I think this issue kicks off because overeating is normally a vice that only affects the person doing it. Unlike smoking, where it's equally distructive to your personal health, for years we've felt it acceptable to make negative comments about smokers and limit their options because their smoke affects the rest of us. However, public transport is really the only time that someone else's decision to overeat affects you - by incroaching on your space. Unlike smoking, or drinking, if you overeat, the negative concequences to other members of the public can't be stopped by just not doing it at that moment, if you are fat, you are fat all the time, if you are a smoker, you can just not smoke for a few hours.

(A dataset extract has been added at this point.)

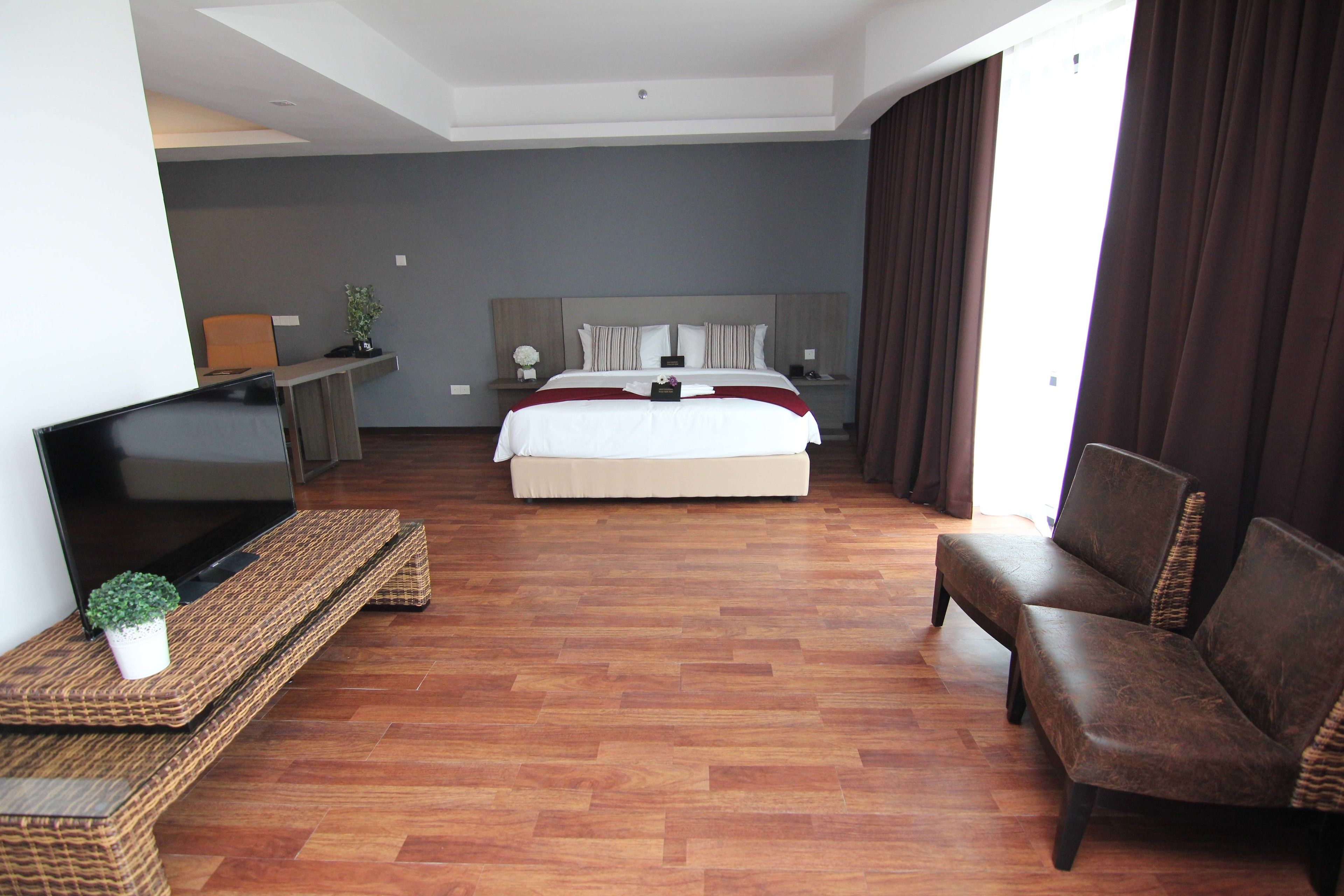 A hotel room with a large bed, a TV on a stand, a sofa, and a desk with a plant.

OP, the people you sit next to huffing and puffing aren't fat-haters or fat-phobics, they are people who are suffering negative concequences of your lifestyle choices - that is, you physically taking their allotted space on a plane. Your choice to overeat (which may have emotional reasons for it, and not be entirely in your control) means they have the quality of their plane journey lowered, it's not their choices that have lead to them suffering a lower quality experience, they will have paid just the same as if they'd been sat next to someone who was size 6.
Often, it's the point your choice affects someone else that everyone else feels they have a right to comment negatively on your choices.
In the same way people who want to keep smoking, while knowing how bad it is for their health tend to put in elaborate rules that make their lives harder in order to minimise the effect on other people (such as only smoking outside regardless of the weather, showering and cleaning teeth after each fag before touching their DCs, not smoking in cars - even if that means making regular smoking breaks making journeys longer etc), in the occassions that your size effects other people you should be the one to put in plans to limit the negative effects on others - so if that means between you and your DH you buy 3 rather than 2 seats os you can have a spare seat between you, or you fly premimum economy so there's extra room, or you make sure you're at the airport an hour before everyone else so you can get to check in first and get seats together - then you do that. It should be you and your DH that shoulder the negative concequences, not others.